Sie scheinen Ihre Filmrollen mit großer Sorgfalt auszuwählen. Lehnen Sie viele Angebote ab oder sind Sie ohnehin eher auf dem Besetzungsradar anspruchsvoller Autorenfilmer?
Ja, ich wähle aus, was ich arbeiten möchte. Aber ich empfinde nicht, dass die Bücher, die mir zugeschickt werden, einem Genre angehören. Meine Auswahl ist sicher intuitiv motiviert. Anders ausgedrückt: Es interessieren mich die Fragen: Was ist das für eine Geschichte, wer erzählt sie und was hat das mit mir zu tun?

Ist es schwierig, Ihre umfangreiche Theaterarbeit mit Filmprojekten zu koordinieren?
Nicht wirklich, da man ja mittlerweile weiß, dass ich während dem Drehen auch Vorstellungstermine habe und umgekehrt.
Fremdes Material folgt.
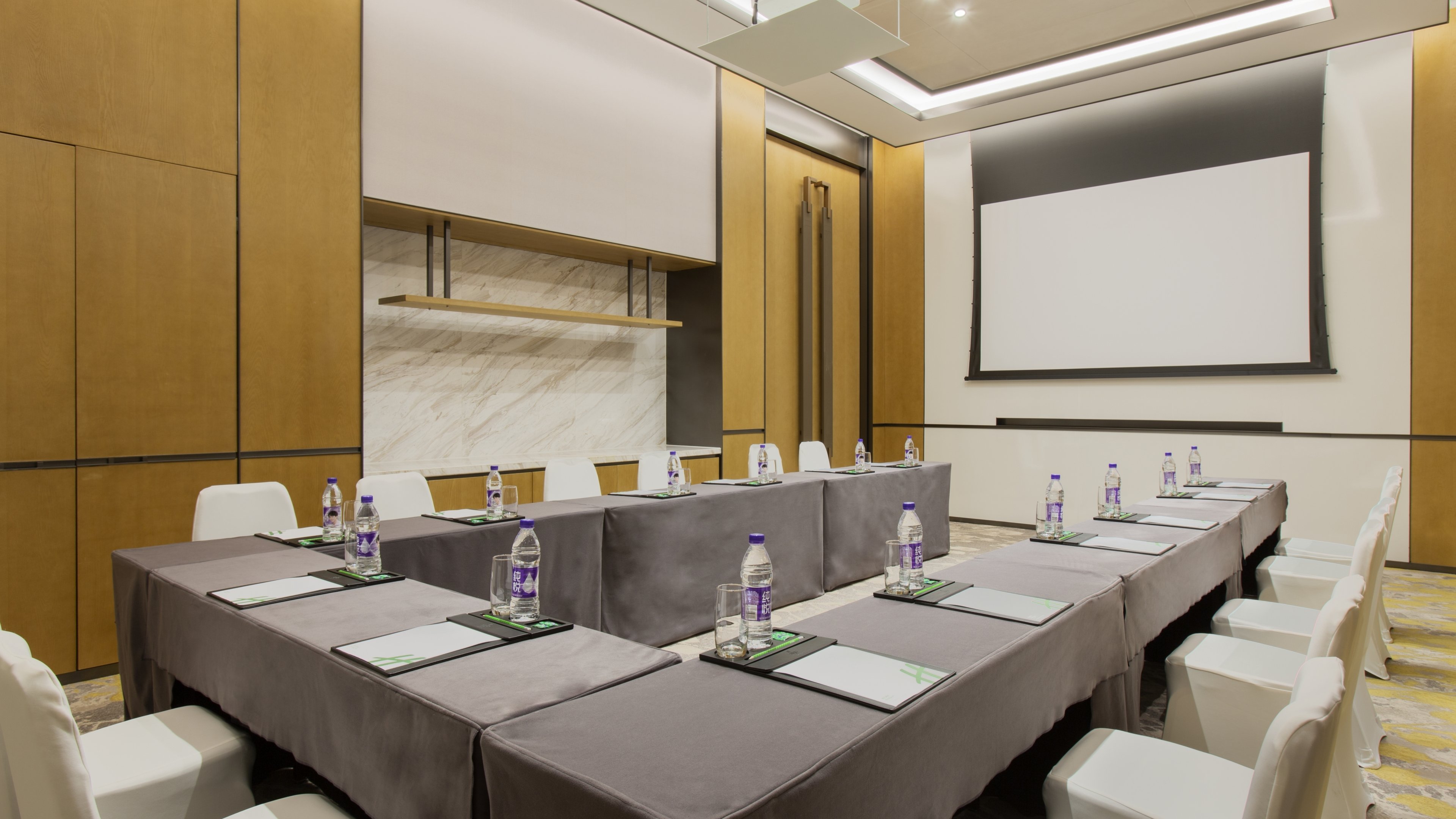 Holiday Inn Hotel And Suites Tianjin Downtown 40/47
Es ist manchmal terminlich etwas kompliziert, aber alles war bis jetzt immer machbar.

Klaus Maria Brandauer war einer Ihrer Schauspiellehrer am Max-Reinhardt-Seminar, nun haben Sie mit ihm für „The Boundary Man“ vor der Kamera gestanden. War das für Sie als Schauspielerin eine ungewöhnliche Konstellation?
Nein, im Gegenteil: Es war endlich einmal Zeit dafür, sich als Kollegen zu begegnen.

Der Tote Hosen-Hit „Tage wie diese“ wurde von Ihnen mitgetextet. Der Beginn einer lukrativen Zweitkarriere als Songschreiberin?
Nein, nicht wirklich. Das war eher Zufall, auch dass dieses Lied so angenommen wurde. Ich bleib bei meinen Leisten.